How leaders think about feedback matters a lot. I would like to propose a simple change to a common mindset. While I liked the “feedback is a gift” metaphor back in the day, I now much prefer, “Feedback is an Investment.” Let me tell you why and see if you concur.
For a long while, I have heard leaders talk about feedback being a gift. I liked the idea, and teaching people to receive feedback with grace flowed easily. “Sometimes,” I would say, “feedback is wrapped like a Tiffany box and sometimes it’s wrapped in newspaper. Either way, say thank you.” That worked. It reminded people to make the giving of the feedback a positive experience for the giver. It also made the giver feel generous.
That turn of phrase served us well, but it doesn’t get us far enough.
Why “Feedback Is an Investment” Is Better: No Perfect Deals, No Perfect People
One of the best things about working with very smart people is seeing how they think. An engagement with private equity (PE) professionals a few years back got me thinking differently about feedback, and that shift started with one comment: “Just like there are no perfect people,” a general partner told me, “there are no perfect deals.”
In collecting feedback for PE professionals, it became clear that part of making the leap from Vice President to General Partner was developing and demonstrating an investor mindset, balancing risk and reward, with a skillful drive toward the latter. Vice Presidents were often charged with the due diligence phase. What could possibly go wrong in the deal? General Partners had developed capacity to see risk and reward. They could advocate for a deal as well as argue against one. They were tenacious about figuring out how to drive through problems in a deal to get to the upside. They could engage portfolio executives with savvy and humility. Even if they knew the answer, they learned to selectively comment and pick their battles.

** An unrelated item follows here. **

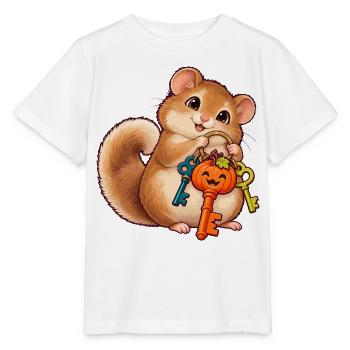 Süße Haselmaus mit Kürbis-Schlüssel - Stanley/Stella Kinder T-Shirt MINI CREATOR  - Weiß - Vorne - Maike (125cm)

At the risk of oversimplifying, I came to understand that a skillful investor mindset is about seeing what’s wrong and what’s strong, overcoming challenges or problems to get the potential returns, and respecting the executives doing the work.
This strikes me as a much more powerful parallel to people development than gift giving.
A good manager, like a skilled investor, sees strengths, value, risks, gaps, and the person’s potential to add more value. She sees assets that are under-deployed. A good manager can figure out issues or weaknesses without hyper-focusing on them, and work with the team to navigate around or through them. A good manager, like a skilled investor, takes the time to understand what motivates a person – in PE language, “she understands the levers of value creation.” She picks her battles, comments on things that matter (not every little slip-up, but patterns) and focuses, not on being right, but on how to build capacity and enable the team to generate more value.